Source records:
★ ★ ★ ★

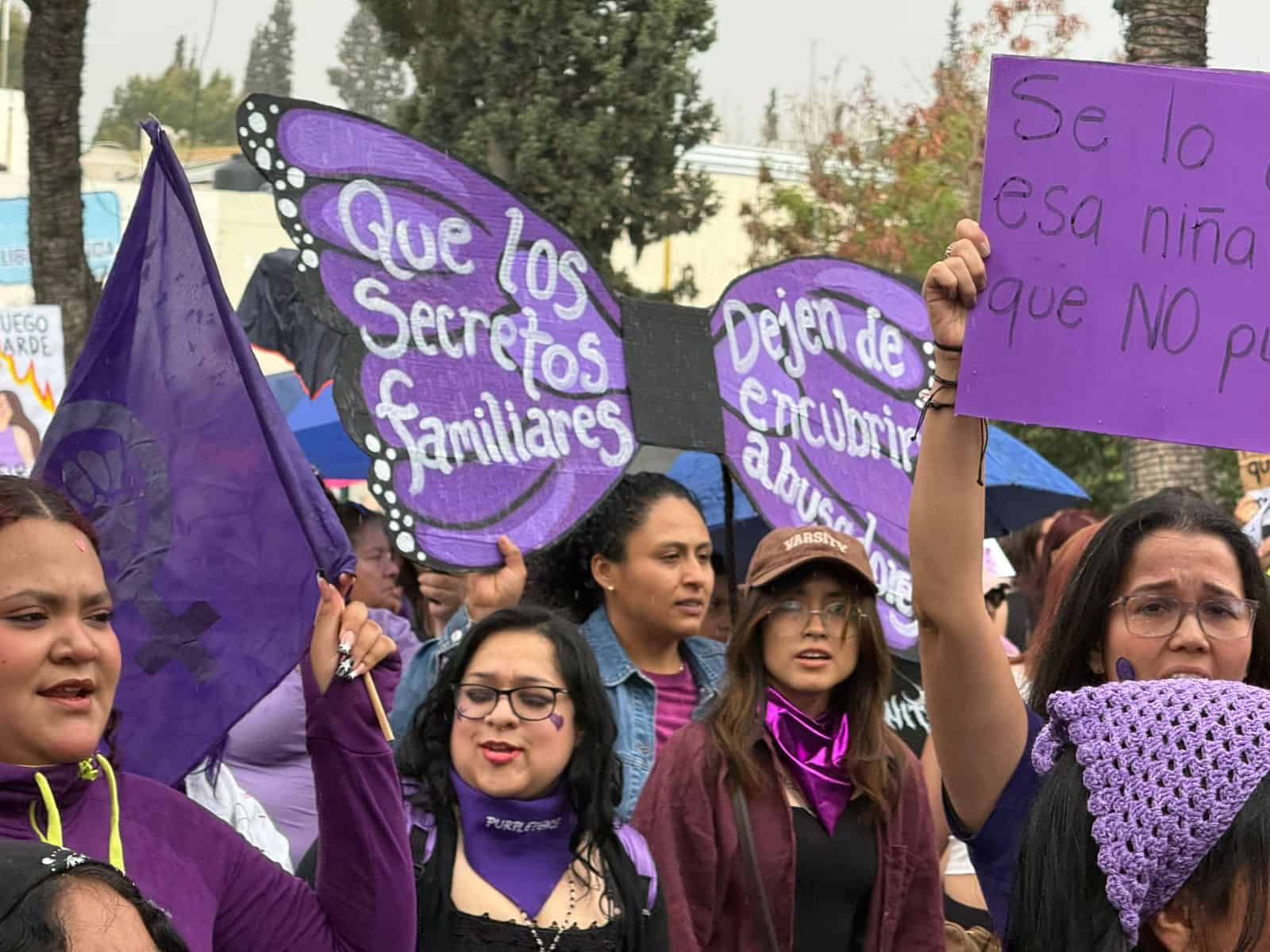 Se fractura marcha del 8M en Saltillo; dos contingentes, una misma consigna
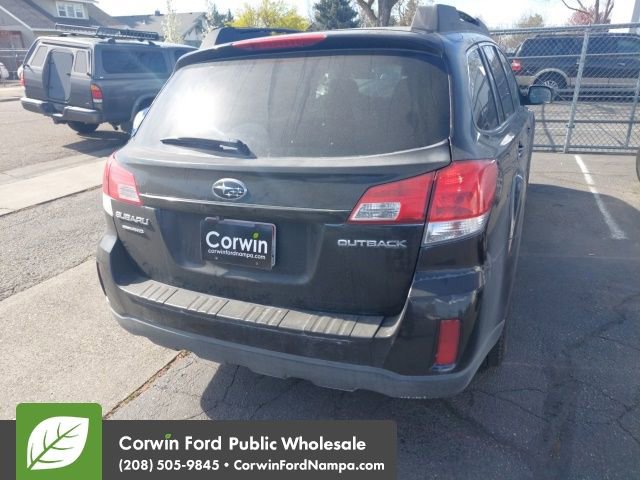 Used 2010 Subaru Outback 2.5i Premium image 5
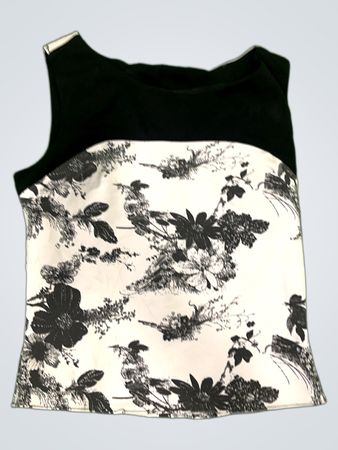 Schwarz-weißer floral bedruckter Oberteil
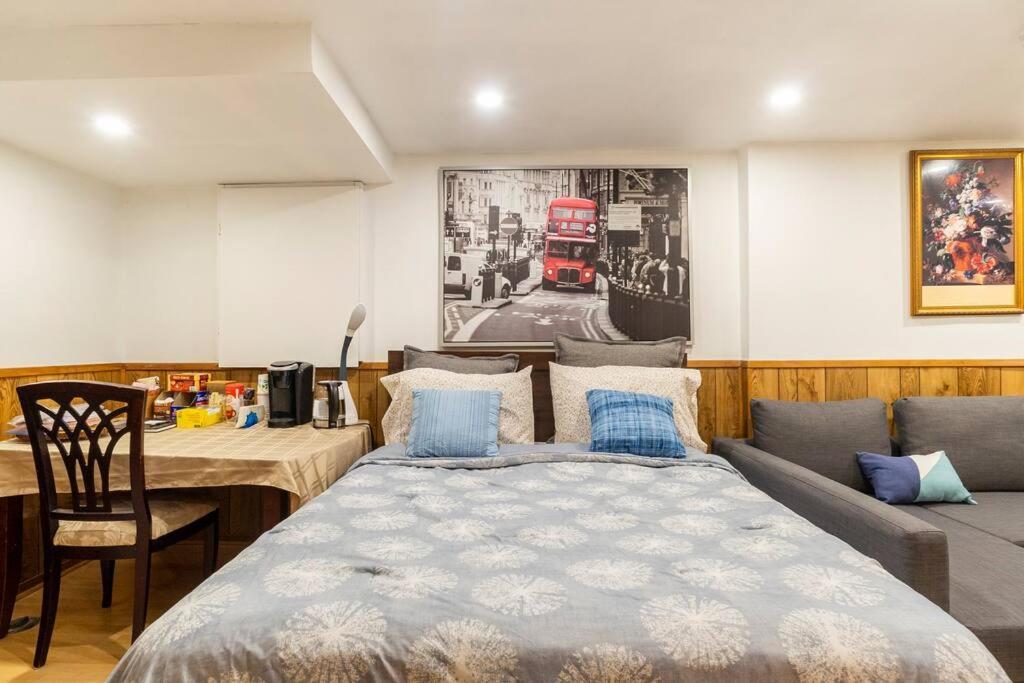 Отель Big Oasis Studio Near Airport Yyz Торонто Экстерьер фото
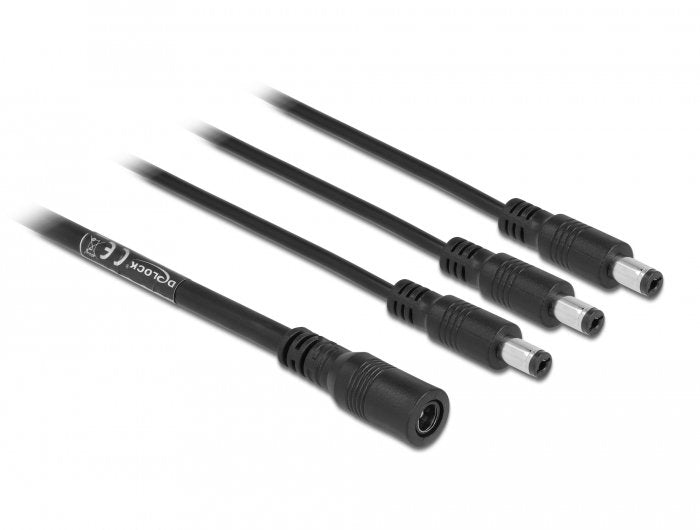 Delock Cable Dc Verteiler 5,5 X 2,1 Mm 1 X Buchse Zu 3 X Stecker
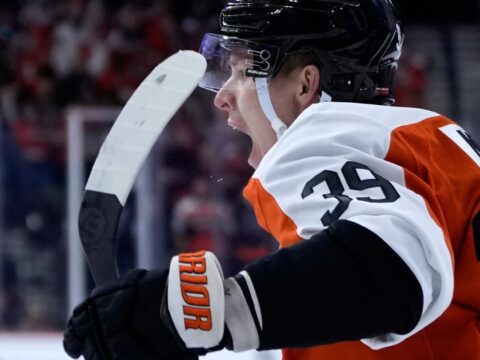 Matvei Michkov scores 2 goals and Flyers beat Avalanche 3-2 for 2nd straight win Matvei Michkov scores 2 goals and Flyers beat Avalanche 3-2 for 2nd straight win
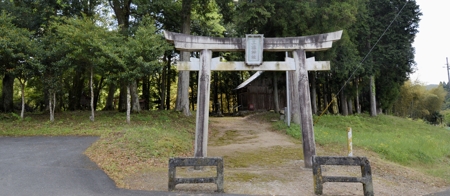 三柱神社(野笹)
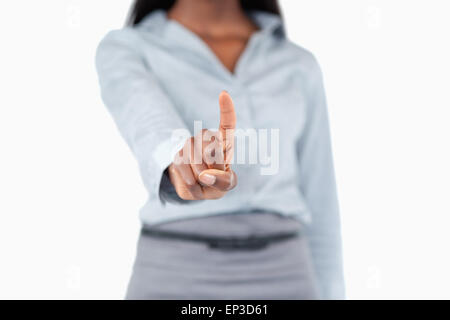 Dito femminile premendo un tasto invisibile Foto Stock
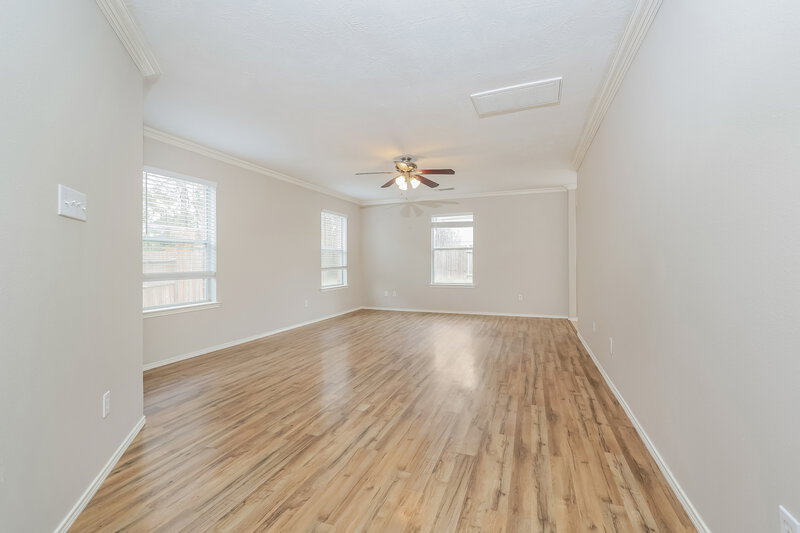 1,580/Mo, 1403 Natural Pine Trl Conroe, TX 77301 Living Room View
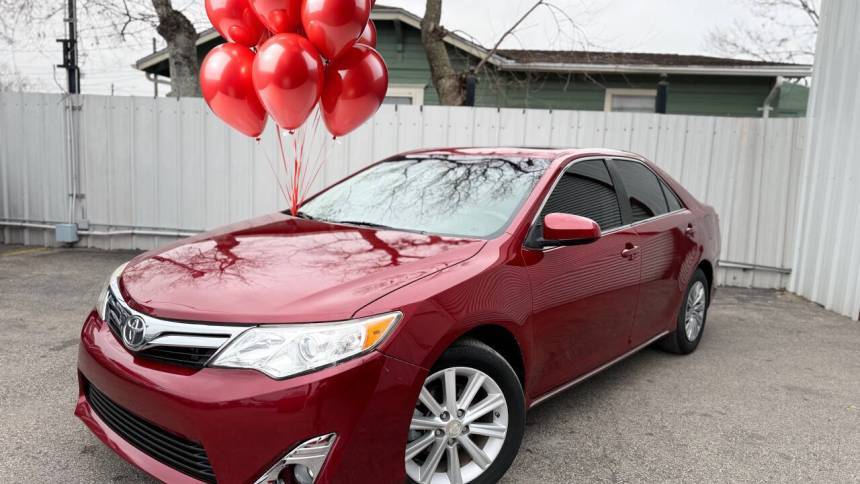 2014 Toyota Camry XLE — Sedan — 105,358 mi — Houston, TX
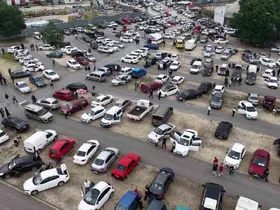 Bayram öncesi Bursa oto pazarında yoğunluk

★ ★ ★ ★

▸ **Activity**
Your answer should be an exact copy of the entries above, with no images included.

▸ **Solved exercise**
 Se fractura marcha del 8M en Saltillo; dos contingentes, una misma consigna
 Used 2010 Subaru Outback 2.5i Premium image 5
 Schwarz-weißer floral bedruckter Oberteil
 Отель Big Oasis Studio Near Airport Yyz Торонто Экстерьер фото
 Delock Cable Dc Verteiler 5,5 X 2,1 Mm 1 X Buchse Zu 3 X Stecker
 Matvei Michkov scores 2 goals and Flyers beat Avalanche 3-2 for 2nd straight win Matvei Michkov scores 2 goals and Flyers beat Avalanche 3-2 for 2nd straight win
 三柱神社(野笹)
 Dito femminile premendo un tasto invisibile Foto Stock
 1,580/Mo, 1403 Natural Pine Trl Conroe, TX 77301 Living Room View
 2014 Toyota Camry XLE — Sedan — 105,358 mi — Houston, TX
 Bayram öncesi Bursa oto pazarında yoğunluk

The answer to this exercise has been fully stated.